The green tea (sencha) which we regularly drink today was brought to Japan from China at the beginning of the Edo period by the Chinese monk Ingen Ryūki. As sencha had more freedom in it compared to tea ceremonies which had become formalized, by the middle of the Edo period sencha was welcomed by Japanese zen priests and the educated classes and spread amongst the literati who held Chinese culture in high esteem.

In this special exhibition which will be held in February 2024, we will be looking at the large changes which occurred in bonsai due to the influence of sencha culture, and also the process of that change. So, in anticipation for this special exhibition, we wish to give you a sneak peek and introduce one of the changes that occurred to bonsai, “the birth of Zashiki Kazari”.
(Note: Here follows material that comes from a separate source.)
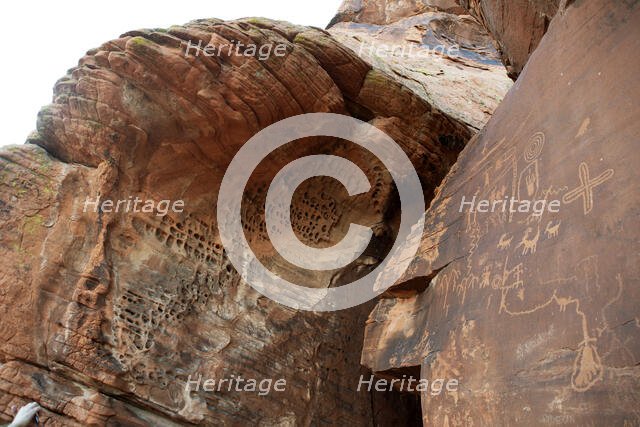 Valley of Fire, Las Vegas, Nevada, USA, 2022. Creator: Ethel Davies.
The arrangement that one can see in the “Front Picture” of a bonsai in a tokonoma (or an alcove in English), is one that can often be seen in period dramas and so is often thought of being the traditional way that people would display bonsai. However, originally people would not see bonsai displayed inside of zashiki rooms (also known as tatami rooms) such as this. The reason for this is because in Japanese culture the ground is viewed as being impure, which is why shoes are taken off when stepping inside. So, when did bonsai start being displayed inside of tokonoma? The answer to this lies in the sencha ceremonies which were often held by literati from the end of the Edo period until the Meiji period.

Illustration 1 documents a scene of an early sencha tea gathering. To us modern people, seeing a bonsai displayed in a tokonoma like this is not a strange sight. However, a bonsai displayed in a tatami room - and in a high class tokonoma at that - is something which was never done all throughout history. The sencha tea gatherings of the literati gave bonsai a new home.
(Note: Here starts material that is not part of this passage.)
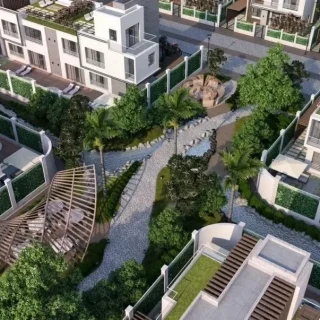 Twin house for sale in Valley View Compound 400 meters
Of course, we can also see from a famous tea gathering held at around the same time in 1876 (as shown in illustration 2) that there are examples of bonsai being displayed outside, on external corridors, or inside of the tatami rooms. From this, it seems that the tokonoma was not the only place where bonsai were displayed. During this special exhibition, we will be taking a dive into the changes that took place in bonsai and how these changes took place, bringing us close to the background that created modern bonsai. Please take a look.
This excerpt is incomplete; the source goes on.